Work request:
Beginning with the line that mentions "Homestyle4U Kambario pertvara, Shoji", reproduce every line through the last line of the entries, exactly, and only those.

Supplied information:
= = = = = = =
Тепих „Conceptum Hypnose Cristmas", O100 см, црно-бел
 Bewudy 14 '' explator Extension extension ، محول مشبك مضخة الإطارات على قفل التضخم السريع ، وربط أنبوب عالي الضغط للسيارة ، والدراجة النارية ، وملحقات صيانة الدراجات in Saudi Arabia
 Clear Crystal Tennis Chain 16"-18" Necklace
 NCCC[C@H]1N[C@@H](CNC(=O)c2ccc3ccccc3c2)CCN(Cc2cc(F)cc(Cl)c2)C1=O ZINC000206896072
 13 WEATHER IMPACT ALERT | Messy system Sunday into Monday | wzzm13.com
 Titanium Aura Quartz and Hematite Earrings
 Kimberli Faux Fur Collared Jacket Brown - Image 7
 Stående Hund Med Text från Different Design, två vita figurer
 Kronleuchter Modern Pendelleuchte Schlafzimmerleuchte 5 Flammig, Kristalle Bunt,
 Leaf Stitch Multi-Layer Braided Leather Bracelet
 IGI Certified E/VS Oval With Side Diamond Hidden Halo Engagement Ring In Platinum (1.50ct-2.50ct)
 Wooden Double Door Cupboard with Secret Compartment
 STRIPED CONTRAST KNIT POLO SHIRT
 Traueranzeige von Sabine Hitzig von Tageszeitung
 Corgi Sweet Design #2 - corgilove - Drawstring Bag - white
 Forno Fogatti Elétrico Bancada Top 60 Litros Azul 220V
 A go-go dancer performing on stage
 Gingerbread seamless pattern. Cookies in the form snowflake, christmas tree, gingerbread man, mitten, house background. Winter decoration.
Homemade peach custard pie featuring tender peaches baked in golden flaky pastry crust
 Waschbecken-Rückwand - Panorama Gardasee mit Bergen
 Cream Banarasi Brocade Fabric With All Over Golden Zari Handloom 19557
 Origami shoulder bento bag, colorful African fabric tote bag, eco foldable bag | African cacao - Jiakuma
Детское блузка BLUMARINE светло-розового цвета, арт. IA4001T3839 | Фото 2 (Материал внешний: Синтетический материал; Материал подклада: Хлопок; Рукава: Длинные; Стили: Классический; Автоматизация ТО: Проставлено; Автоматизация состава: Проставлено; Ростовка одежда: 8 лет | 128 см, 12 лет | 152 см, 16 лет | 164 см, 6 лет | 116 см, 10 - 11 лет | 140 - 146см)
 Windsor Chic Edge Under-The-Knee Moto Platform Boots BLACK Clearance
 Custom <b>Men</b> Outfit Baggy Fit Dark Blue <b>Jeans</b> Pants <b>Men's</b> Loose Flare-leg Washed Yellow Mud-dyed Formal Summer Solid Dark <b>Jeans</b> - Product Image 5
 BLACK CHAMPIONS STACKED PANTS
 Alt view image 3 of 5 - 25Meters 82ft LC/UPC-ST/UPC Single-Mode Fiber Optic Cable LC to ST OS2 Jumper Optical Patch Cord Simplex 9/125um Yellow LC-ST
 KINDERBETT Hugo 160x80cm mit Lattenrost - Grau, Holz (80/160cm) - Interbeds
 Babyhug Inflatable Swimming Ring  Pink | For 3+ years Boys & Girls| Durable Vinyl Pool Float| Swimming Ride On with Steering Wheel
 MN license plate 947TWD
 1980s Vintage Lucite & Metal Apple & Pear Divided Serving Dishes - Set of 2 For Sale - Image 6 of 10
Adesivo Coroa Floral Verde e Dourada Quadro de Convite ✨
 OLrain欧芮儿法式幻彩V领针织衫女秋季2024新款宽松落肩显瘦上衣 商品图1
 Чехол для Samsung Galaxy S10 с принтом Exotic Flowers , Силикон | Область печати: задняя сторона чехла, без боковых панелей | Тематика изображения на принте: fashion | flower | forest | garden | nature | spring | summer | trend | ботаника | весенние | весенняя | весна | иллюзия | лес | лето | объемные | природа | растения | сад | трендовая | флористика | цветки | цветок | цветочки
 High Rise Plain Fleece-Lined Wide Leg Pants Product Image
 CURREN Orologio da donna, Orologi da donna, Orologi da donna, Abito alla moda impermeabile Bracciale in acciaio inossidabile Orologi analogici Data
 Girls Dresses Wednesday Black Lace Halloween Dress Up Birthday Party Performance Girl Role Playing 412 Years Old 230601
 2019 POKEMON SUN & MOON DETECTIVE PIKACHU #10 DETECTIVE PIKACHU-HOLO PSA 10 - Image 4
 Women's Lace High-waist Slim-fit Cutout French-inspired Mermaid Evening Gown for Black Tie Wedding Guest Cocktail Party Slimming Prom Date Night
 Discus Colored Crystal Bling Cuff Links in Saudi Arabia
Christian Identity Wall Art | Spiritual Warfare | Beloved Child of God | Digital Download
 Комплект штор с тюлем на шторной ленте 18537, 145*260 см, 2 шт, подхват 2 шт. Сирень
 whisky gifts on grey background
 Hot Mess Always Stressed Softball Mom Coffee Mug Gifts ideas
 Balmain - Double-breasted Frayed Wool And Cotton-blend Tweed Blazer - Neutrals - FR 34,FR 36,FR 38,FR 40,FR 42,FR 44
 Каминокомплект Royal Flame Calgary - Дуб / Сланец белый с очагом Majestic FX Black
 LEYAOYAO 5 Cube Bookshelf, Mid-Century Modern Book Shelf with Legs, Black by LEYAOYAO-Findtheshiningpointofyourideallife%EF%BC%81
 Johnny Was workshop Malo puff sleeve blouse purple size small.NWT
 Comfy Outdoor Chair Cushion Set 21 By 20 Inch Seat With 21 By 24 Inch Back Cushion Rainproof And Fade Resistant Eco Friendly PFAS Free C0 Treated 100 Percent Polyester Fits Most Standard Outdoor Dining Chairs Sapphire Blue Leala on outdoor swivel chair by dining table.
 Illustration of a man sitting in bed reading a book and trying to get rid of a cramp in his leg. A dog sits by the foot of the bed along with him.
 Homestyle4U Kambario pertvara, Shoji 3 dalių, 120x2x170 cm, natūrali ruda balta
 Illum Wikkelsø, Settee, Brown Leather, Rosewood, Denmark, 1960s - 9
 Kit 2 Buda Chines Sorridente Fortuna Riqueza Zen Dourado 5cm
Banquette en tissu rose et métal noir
= = = = = = =
Your solution:
 Homestyle4U Kambario pertvara, Shoji 3 dalių, 120x2x170 cm, natūrali ruda balta
 Illum Wikkelsø, Settee, Brown Leather, Rosewood, Denmark, 1960s - 9
 Kit 2 Buda Chines Sorridente Fortuna Riqueza Zen Dourado 5cm
Banquette en tissu rose et métal noir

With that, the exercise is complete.